Selenium Client ExecuteScript-> WinAppDriver -> WinUI Plugin -> UIA - TestApp

We finished the prototype. Because the legal concern and there is no business value from leader's aspect, we didn't make it into the end user.

I think YWinAppDriver is able to address above problems, and possible make every body happy.

Supported Locators to Find UI Elements

Windows Application Driver supports various locators to find UI element in the application session. The table below shows all supported locator strategies with their corresponding UI element attributes shown in inspect.exe.

Client API Locator Strategy Matched Attribute in inspect.exe Example
FindElementByAccessibilityId accessibility id AutomationId AppNameTitle
FindElementByClassName class name ClassName TextBlock
FindElementById id RuntimeId (decimal) 42.333896.3.1
FindElementByName name Name Calculator
FindElementByTagName tag name LocalizedControlType (upper camel case) Text
FindElementByXPath xpath Any //Button[0]

Supported Capabilities

Below are the capabilities that can be used to create Windows Application Driver session.

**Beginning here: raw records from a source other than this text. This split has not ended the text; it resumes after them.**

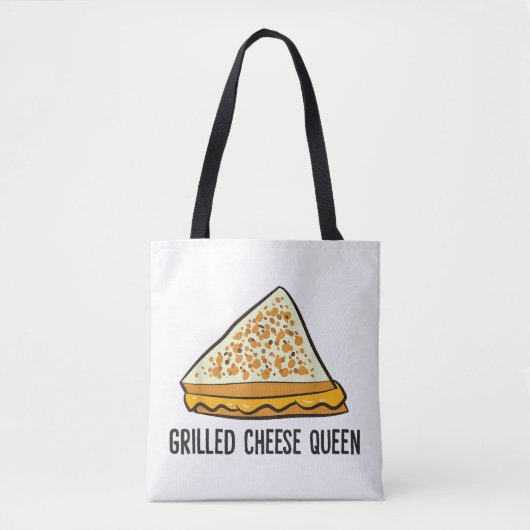 Grillkäse Queen Funny Grilled Cheese Tasche (Vorderseite)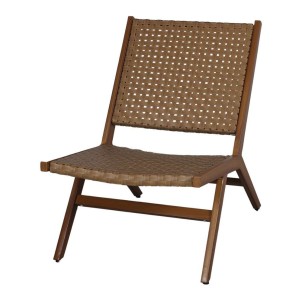 Sillón Exterior VEGA, Metal Efecto Madera / Ratán Sintético. Vackart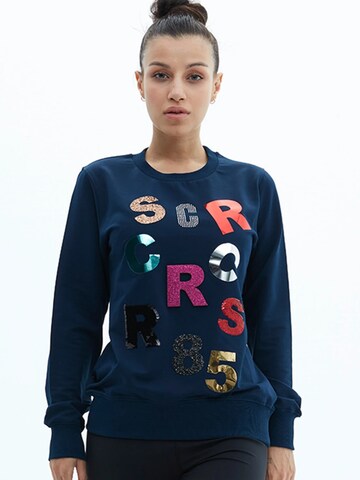 SCR. Athletic Sweater 'LELYA' in Blue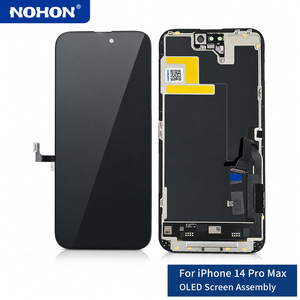 NOHON per <span class=keywords><strong>iPhone</strong></span> <span class=keywords><strong>14</strong></span> <span class=keywords><strong>Pro</strong></span> <span class=keywords><strong>Max</strong></span> Schermo OLED 6.7 Pollici Display OLED Flessibile Touch Screen Digitalizzatore Assemblaggio Ricambi per Riparazione - Product Image 1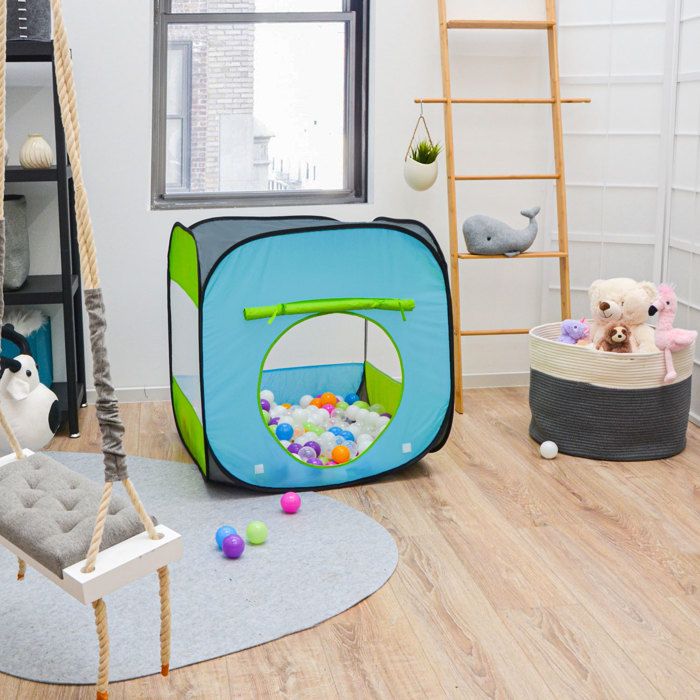 Tente De Jeu Pop-up XXL Avec 300 Balles + Sac De Transport - Espace Ludique Pour Enfants, Intérieur/extérieur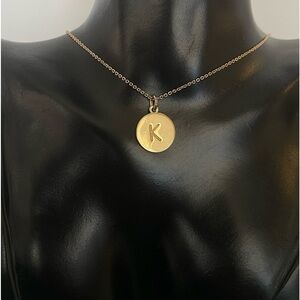 Kate spade gold tone gold plated initial “k” necklace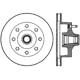 Purchase Top-Quality CENTRIC PARTS - 121.65023 - Front Disc Brake Rotor pa9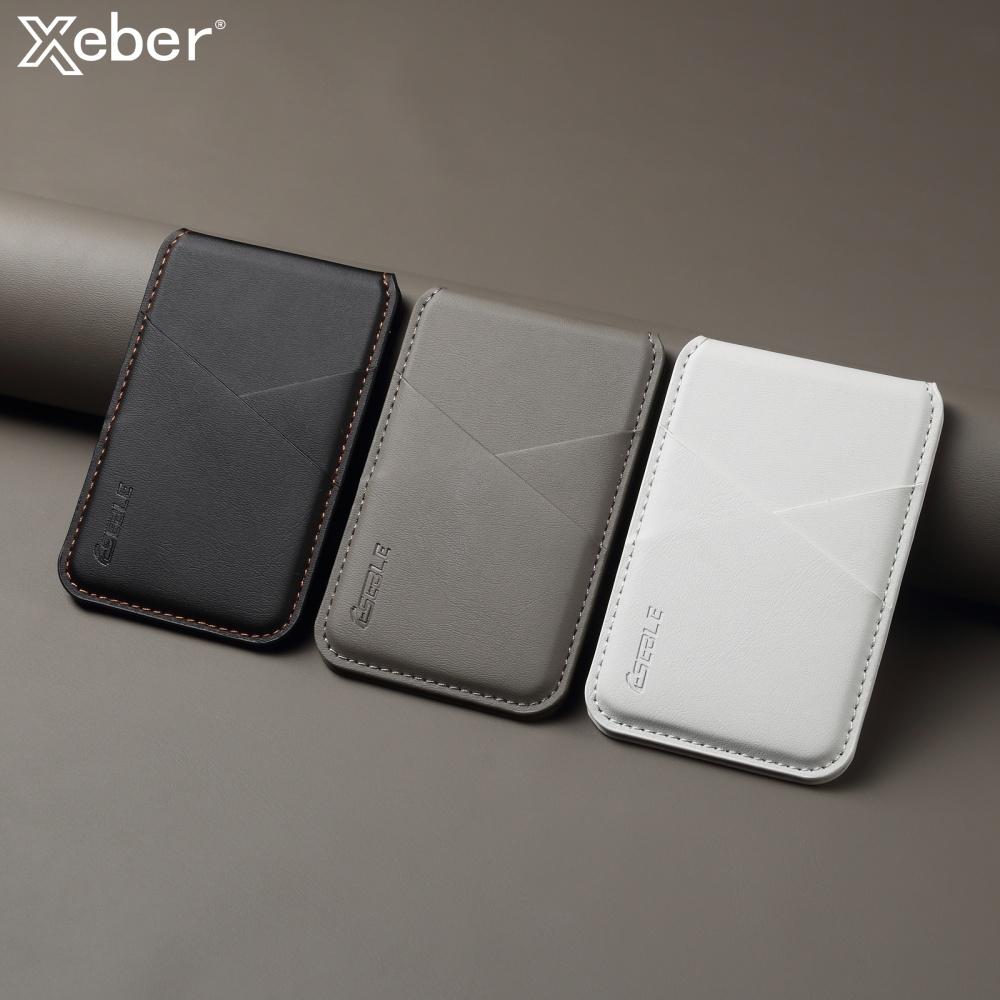 Luxury Leather For Magsafe Magnetic Wallet Slot Card Holder Phone Stand For iPhone 17 Pro Max 16 15 14 Bank ID Card Bag Cover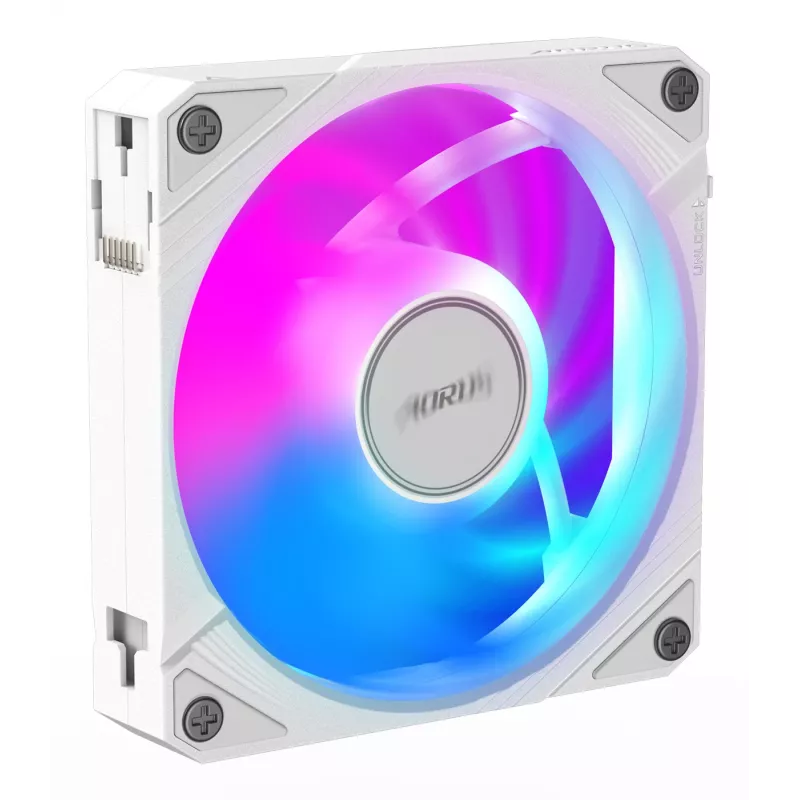 Gigabyte AORUS EZ CHAIN FAN 120 ICE korpuso ventiliatorius, 120 mm, baltos spalvos, GP-ECFAN1201 ICE
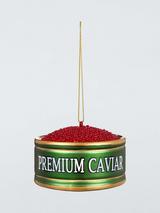 John Lewis Heirloom Splendour Caviar Tin Tree Decoration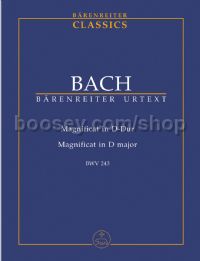Magnificat in D major BWV243 (Study Score)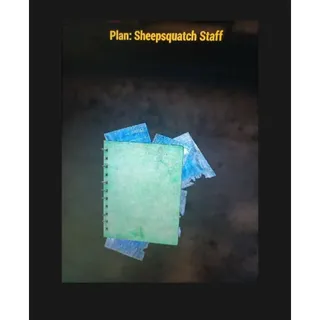 Sheepsquatch Staff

Capabilities Descriptions Example
app Application identifier or executable full path Microsoft.MicrosoftEdge_8wekyb3d8bbwe!MicrosoftEdge
appArguments Application launch arguments https://github.com/Microsoft/WinAppDriver
attachToTopLevelWindowClassName app should be "Root", Existing application top level window to attach to. if you are using WinAppDriver, please use appTopLevelWindow 0xB822E2
appWorkingDir Application working directory (Classic apps only) C:\Temp
forceMatchAppTitle If app is launched, but have problem to match it, YWinAppDriver do the last try to match with the application title Calculator
forceMatchClassName If app is launched, but have problem to match it, YWinAppDriver do the last try to match with the class name Chrome_WidgetWin_1
clickWithInvoke Use Inovke other than click to get better performance true/false

YWinAppDriver addressed some WinAppDriver 1.2 issues and fixed them

WinAppDriver has problem to start c:\windows\system32\calc.exe, PostMan, or Notepad++ issue 1372

In YWinAppDriver, you can workaround the problem with the capabilites like below.

"forceMatchAppTitle": "Calculator"
"forceMatchClassName":"Notepad++"

Appium desktop can't show all controls WinAppDriver provided

Appium Desktop is a great tool to inspect the app's elements and it's very easy to learn and use it. Currently WinAppDriver can't show all elements. I don't know if it's the issue of WinAppDriver or Appium, but YWinAppDriver doesn't have this problem.

YWinAppDriver Known issue

The Click is slow than WinAppDriver

You can set capabilities {clickWithInvoke: true}, it will be very fast. The down side is it will not close the flyout like Menu Windows until you click somewhere else.